For the religious, the prosecution of Monsignor Álvarez by the Ortega regime is due to political reasons and that the pastoral action of the Bishop of Matagalpa is framed within the social doctrine of the Church.
“The circumstances of the event clearly show that a political trial has taken place and that both an opinion and the religious freedom of the prelate have been persecuted (…) The criticisms that Bishop Álvarez made of the Nicaraguan government were within the right to think and opinion differently, they were framed in the defense of the rights of the Nicaraguan people and corresponded to their own Catholic Christian thought that since Pope John XXIII has energetically insisted on the need to defend the rights of people from the Christian faith”, Tojeira expressed in the opinion article.
“He did nothing more than exercise his responsibility as a pastor”
Father José María Tojeira, who also served as Provincial of the Society of Jesus in Central America during the murder of six Jesuit priests in El Salvador in 1989, recalled that Monsignor Rolando Álvarez has limited himself to fulfilling the pastoral mandate of defending the rights of poor when they are attacked from power.
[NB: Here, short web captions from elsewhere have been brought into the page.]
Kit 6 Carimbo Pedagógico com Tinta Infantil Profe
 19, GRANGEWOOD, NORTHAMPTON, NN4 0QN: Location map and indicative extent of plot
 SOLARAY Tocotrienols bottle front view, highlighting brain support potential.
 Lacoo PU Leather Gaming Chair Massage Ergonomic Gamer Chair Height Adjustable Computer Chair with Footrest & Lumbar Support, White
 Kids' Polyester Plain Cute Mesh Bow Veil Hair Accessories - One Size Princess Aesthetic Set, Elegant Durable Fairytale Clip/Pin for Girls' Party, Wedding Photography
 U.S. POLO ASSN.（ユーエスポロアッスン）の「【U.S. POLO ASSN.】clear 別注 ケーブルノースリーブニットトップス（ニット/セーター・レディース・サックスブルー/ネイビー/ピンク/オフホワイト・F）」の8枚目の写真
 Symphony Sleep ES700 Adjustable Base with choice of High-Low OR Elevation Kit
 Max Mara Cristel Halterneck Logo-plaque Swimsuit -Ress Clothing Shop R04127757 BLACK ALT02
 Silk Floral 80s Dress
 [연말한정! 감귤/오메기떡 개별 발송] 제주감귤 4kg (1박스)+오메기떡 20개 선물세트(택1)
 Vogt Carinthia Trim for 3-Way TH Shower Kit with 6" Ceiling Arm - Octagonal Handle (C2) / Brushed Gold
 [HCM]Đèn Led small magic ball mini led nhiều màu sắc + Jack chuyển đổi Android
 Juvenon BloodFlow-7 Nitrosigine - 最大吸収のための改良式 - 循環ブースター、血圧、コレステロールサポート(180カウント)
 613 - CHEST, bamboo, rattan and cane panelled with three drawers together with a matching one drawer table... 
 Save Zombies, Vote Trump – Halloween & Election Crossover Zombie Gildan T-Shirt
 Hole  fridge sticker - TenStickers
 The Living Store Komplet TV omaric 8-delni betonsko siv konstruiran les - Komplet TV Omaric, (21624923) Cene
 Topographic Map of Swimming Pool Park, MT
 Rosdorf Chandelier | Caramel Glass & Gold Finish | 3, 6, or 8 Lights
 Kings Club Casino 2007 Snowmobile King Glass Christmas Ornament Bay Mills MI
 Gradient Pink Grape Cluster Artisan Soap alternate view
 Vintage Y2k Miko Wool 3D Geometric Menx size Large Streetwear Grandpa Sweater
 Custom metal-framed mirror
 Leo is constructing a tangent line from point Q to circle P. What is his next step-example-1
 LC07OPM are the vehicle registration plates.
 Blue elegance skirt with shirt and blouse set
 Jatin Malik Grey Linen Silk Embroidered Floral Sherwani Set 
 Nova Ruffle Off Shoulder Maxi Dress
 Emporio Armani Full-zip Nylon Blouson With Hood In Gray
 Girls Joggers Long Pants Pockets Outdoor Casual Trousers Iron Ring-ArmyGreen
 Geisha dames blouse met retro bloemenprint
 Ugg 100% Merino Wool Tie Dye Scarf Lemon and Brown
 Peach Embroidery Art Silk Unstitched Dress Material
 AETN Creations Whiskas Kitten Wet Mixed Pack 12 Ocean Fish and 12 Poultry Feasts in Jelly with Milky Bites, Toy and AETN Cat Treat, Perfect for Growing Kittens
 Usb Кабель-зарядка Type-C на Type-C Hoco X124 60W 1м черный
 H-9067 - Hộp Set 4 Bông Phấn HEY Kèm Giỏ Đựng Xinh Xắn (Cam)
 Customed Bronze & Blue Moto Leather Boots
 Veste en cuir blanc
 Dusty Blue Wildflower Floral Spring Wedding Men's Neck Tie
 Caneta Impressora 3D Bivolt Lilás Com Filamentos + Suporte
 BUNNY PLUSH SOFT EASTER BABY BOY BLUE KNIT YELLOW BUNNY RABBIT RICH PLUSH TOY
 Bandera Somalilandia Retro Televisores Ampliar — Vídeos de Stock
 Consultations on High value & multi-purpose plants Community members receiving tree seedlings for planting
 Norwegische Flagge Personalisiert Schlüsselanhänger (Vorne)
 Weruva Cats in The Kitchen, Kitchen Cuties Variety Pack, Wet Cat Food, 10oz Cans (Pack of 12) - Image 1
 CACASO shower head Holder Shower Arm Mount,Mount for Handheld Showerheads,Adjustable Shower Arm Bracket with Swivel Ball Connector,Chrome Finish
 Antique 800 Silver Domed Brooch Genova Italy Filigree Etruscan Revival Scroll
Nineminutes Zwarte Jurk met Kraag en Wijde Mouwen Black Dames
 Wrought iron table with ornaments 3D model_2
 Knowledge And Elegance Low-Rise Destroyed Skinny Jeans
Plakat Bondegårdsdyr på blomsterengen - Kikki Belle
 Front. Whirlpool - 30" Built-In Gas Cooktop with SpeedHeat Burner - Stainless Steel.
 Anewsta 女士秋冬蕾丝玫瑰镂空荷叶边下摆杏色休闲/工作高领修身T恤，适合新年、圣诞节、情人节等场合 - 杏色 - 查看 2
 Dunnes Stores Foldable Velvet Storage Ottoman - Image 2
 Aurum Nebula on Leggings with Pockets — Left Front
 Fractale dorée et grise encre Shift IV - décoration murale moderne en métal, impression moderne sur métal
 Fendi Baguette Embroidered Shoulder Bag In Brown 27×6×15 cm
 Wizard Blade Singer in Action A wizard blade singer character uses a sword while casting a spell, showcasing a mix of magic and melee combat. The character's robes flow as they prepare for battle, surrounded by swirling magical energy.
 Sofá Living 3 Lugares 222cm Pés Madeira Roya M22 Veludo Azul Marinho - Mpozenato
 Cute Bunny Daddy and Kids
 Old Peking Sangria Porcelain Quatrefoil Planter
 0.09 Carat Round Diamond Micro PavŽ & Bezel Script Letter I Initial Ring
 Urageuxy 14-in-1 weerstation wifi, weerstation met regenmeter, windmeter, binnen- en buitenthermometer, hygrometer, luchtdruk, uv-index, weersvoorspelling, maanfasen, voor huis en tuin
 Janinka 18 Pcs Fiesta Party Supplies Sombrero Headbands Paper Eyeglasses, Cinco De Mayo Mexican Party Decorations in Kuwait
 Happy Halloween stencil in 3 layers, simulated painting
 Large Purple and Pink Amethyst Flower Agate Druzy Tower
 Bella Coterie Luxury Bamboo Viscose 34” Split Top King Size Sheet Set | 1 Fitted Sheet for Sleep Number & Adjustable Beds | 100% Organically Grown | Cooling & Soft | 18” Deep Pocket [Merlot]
«From the religious point of view, Mons. Álvarez did nothing more than exercise his responsibility as a pastor defending the rights of his people. The social doctrine of the Church systematically insists on the need to defend citizen participation, the democratic style of government, the rule of law. (…) The history of the Church is full of examples of resistance to power when it wanted to deny rights to the public manifestation of faith and works of faith,” stressed the Spanish religious, naturalized Salvadoran.
For the Jesuit, Monsignor Álvarez follows in the wake of Christian martyrs such as San Óscar Arnulfo Romero of El Salvador and Bishop Juan Gerardi of Guatemala, who also suffered persecution for telling the truth.
«Mons. Álvarez has continued with the best of the Christian tradition in defense of the poor, in denouncing injustices and in resisting the threats made against him. Like Romero, like Gerardi, like Rutilio who gave his life, and like many others who managed to survive different forms of persecution, Mons. Álvarez is on the way to the triumph of the truth over the idolatry of power and its eagerness to consider itself as absolute”, concludes the column by Father Tojeira.